YOUR ASSIGNMENT
In the entries below, find the line with "Man swimming in sea" and the line with "Chicken egg in the package on over blueの写真素材"; reproduce those two lines and all lines between them exactly, without pictures.

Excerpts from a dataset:
┌────────

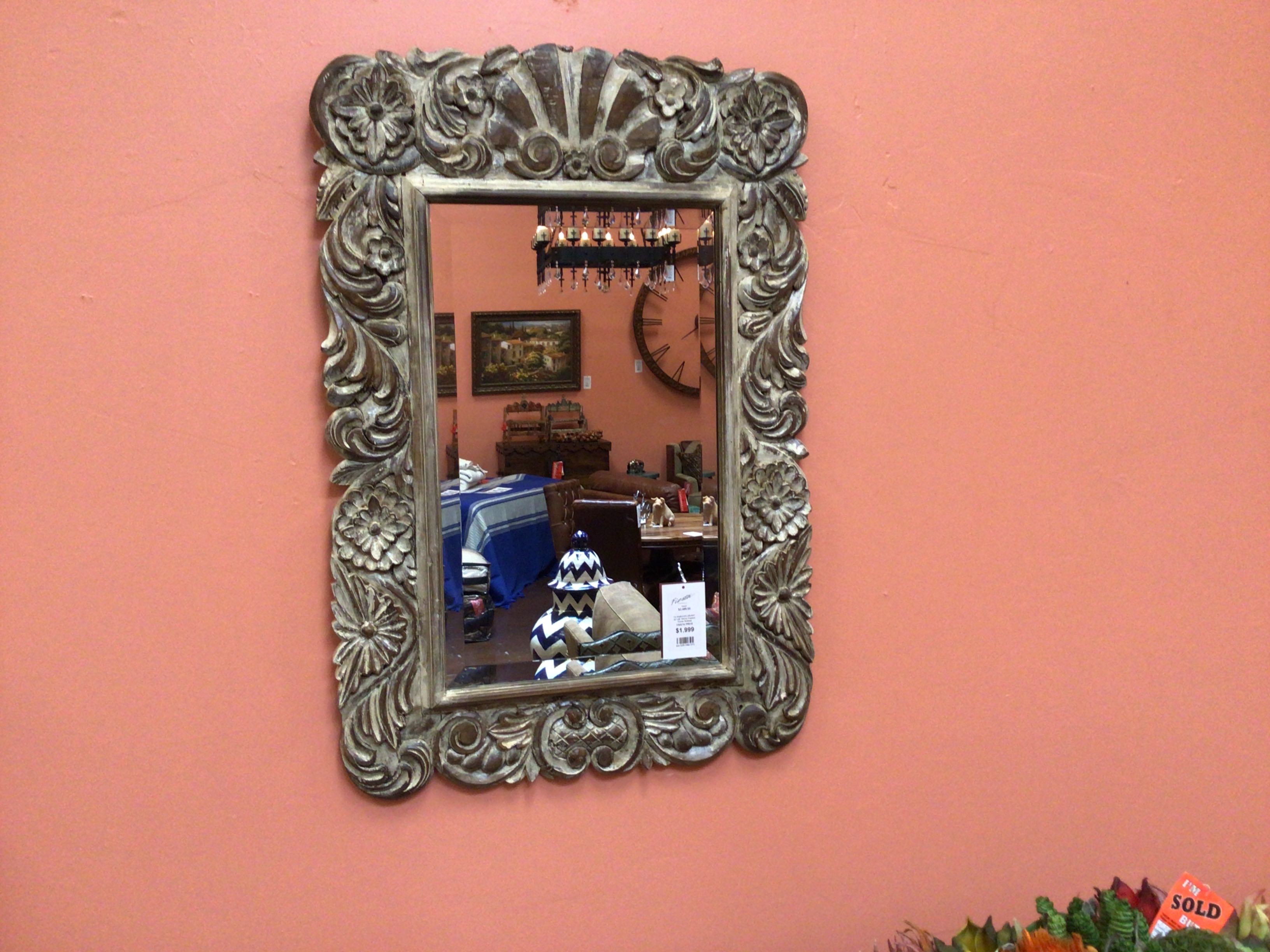 Decorative mirror with intricate frame on a pink wall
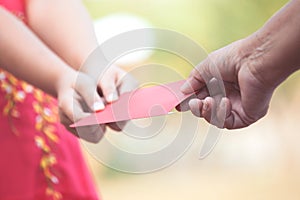 Parent give money in red envelope to little child girl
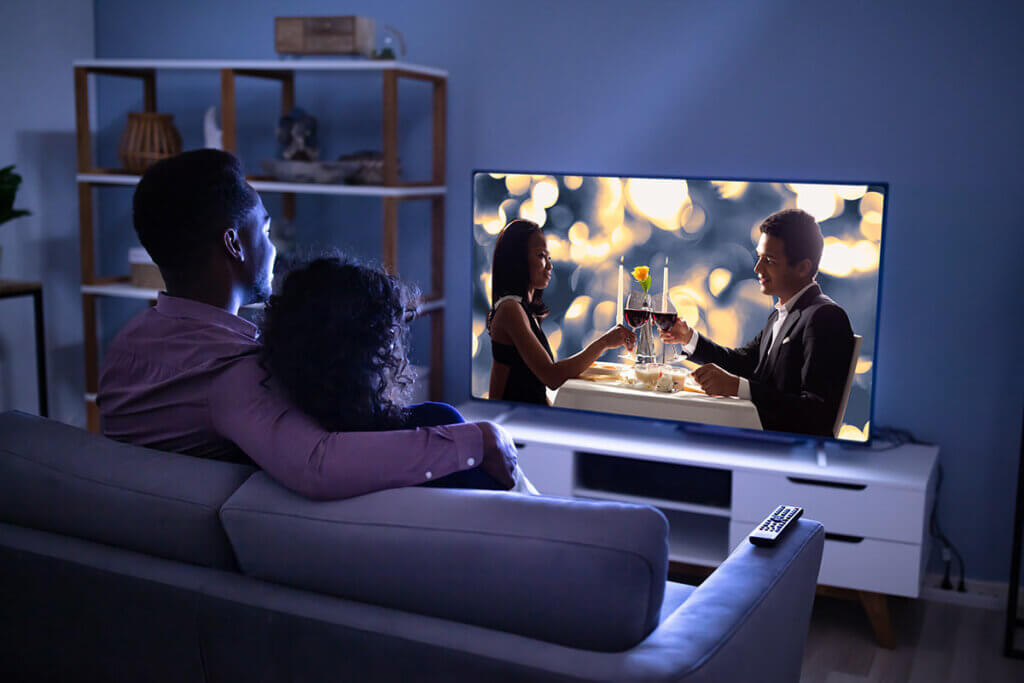 couple on sofa looking at tv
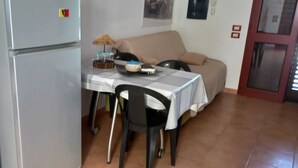 Un espace de vie compact comprenant un coin cuisine, une table à manger avec des chaises, un canapé et un petit meuble de rangement.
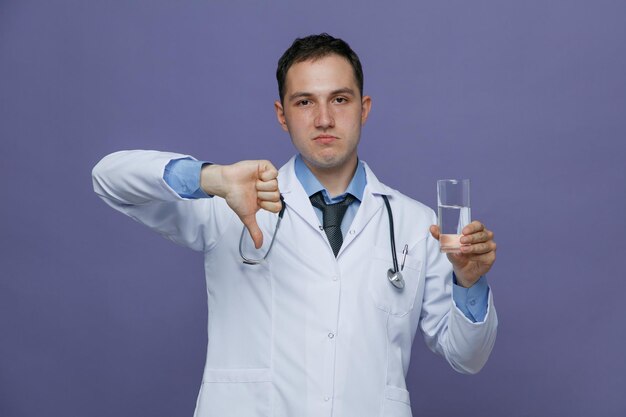 Unpleased young male doctor wearing medical robe and stethoscope around neck showing glass of water looking at camera showing thumb down isolated on purple background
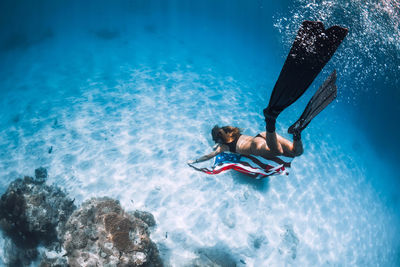 Man swimming in sea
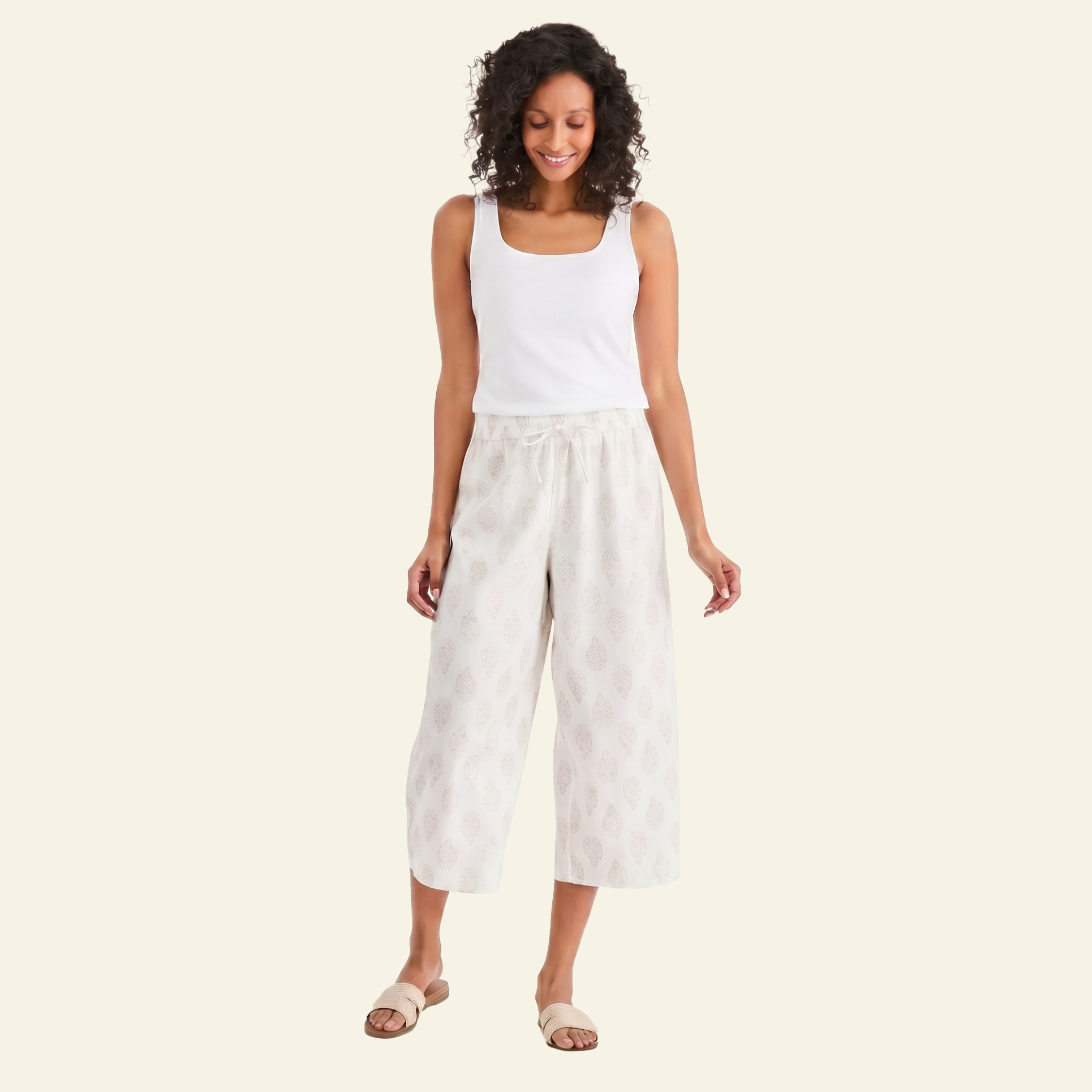 Woman in white tank top and linen pants for Euro summer trip outfit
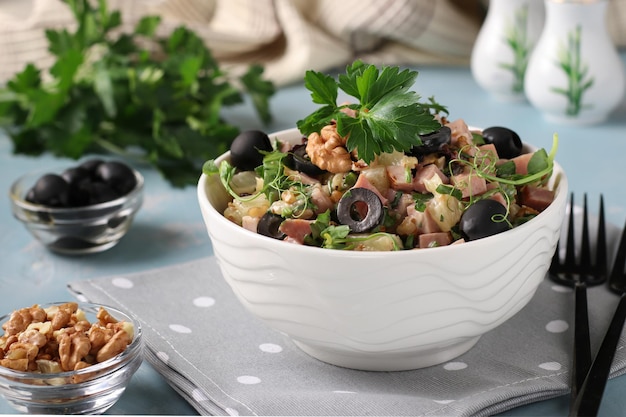 Insalata con prosciutto, ananas, olive nere e noci in una ciotola bianca su fondo azzurro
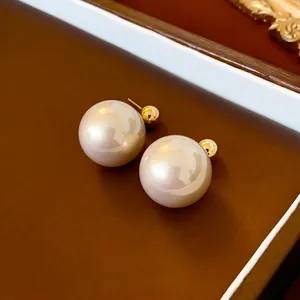 French style minimalist gold plated earrings with large cream pearls and rainbow sheen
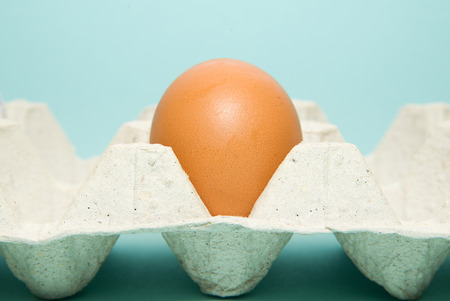 Chicken egg in the package on over blueの写真素材
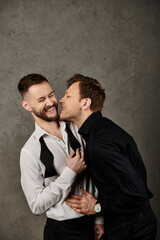 Two men in elegant suits, one holding the other close as they share a tender moment.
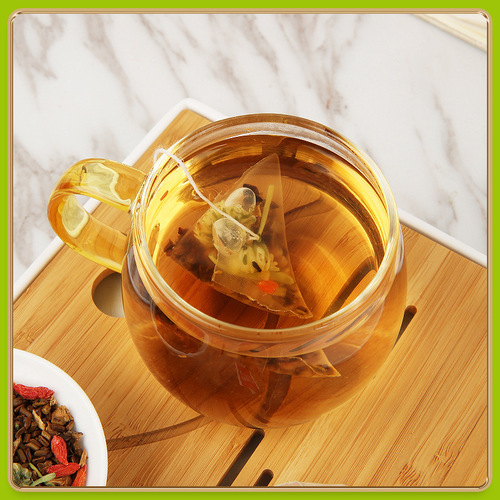 Chrysanthemum Goji Berry Cassia Seed Tea, honeysuckle tea, burdock root osmanthus tea, night owl transparent bag packaging, triangle bag.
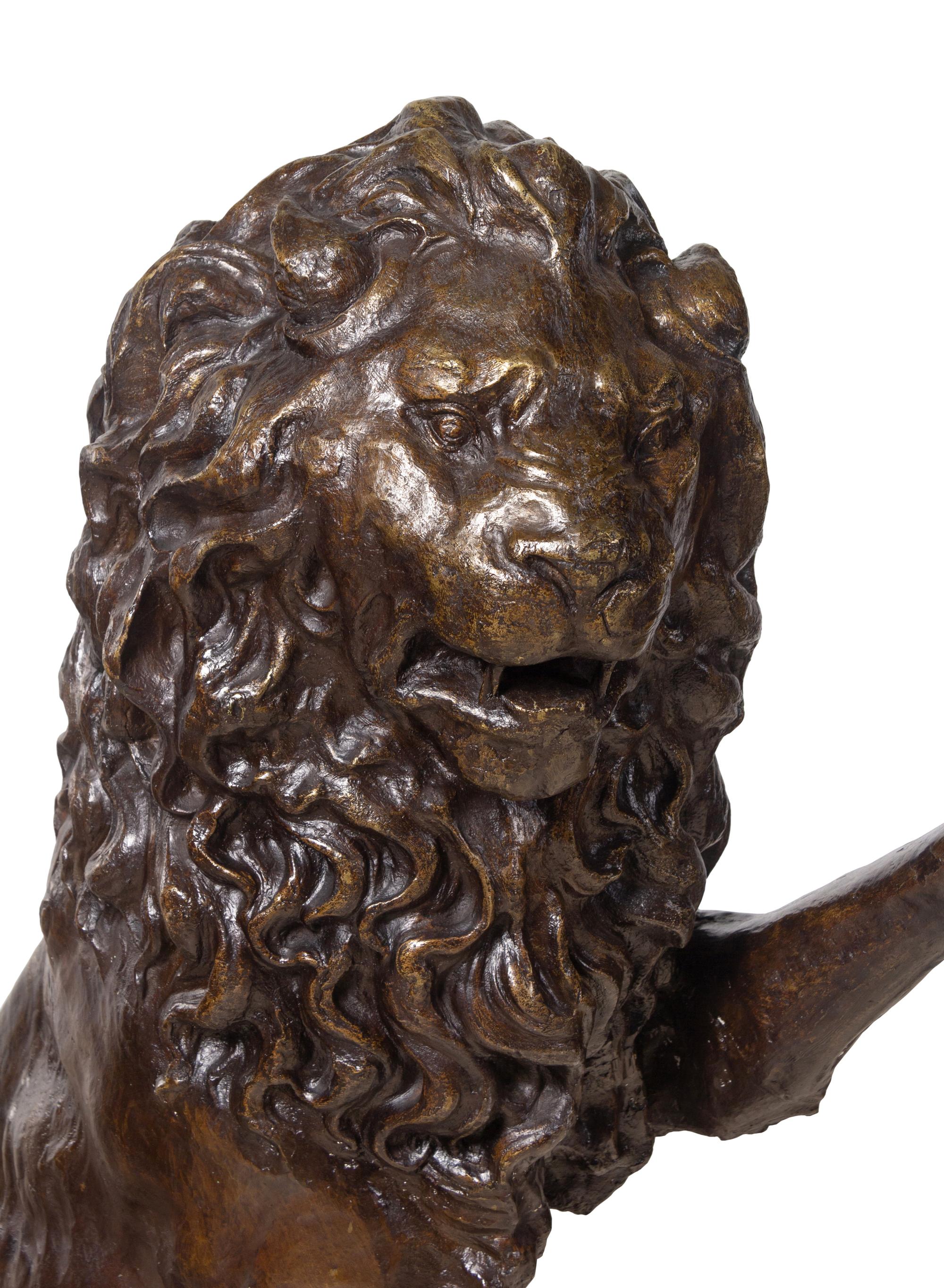 A Pair of Patinated Bronze Lions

└────────

ANSWER BOX
 Man swimming in sea
 Woman in white tank top and linen pants for Euro summer trip outfit
 Insalata con prosciutto, ananas, olive nere e noci in una ciotola bianca su fondo azzurro
 French style minimalist gold plated earrings with large cream pearls and rainbow sheen
 Chicken egg in the package on over blueの写真素材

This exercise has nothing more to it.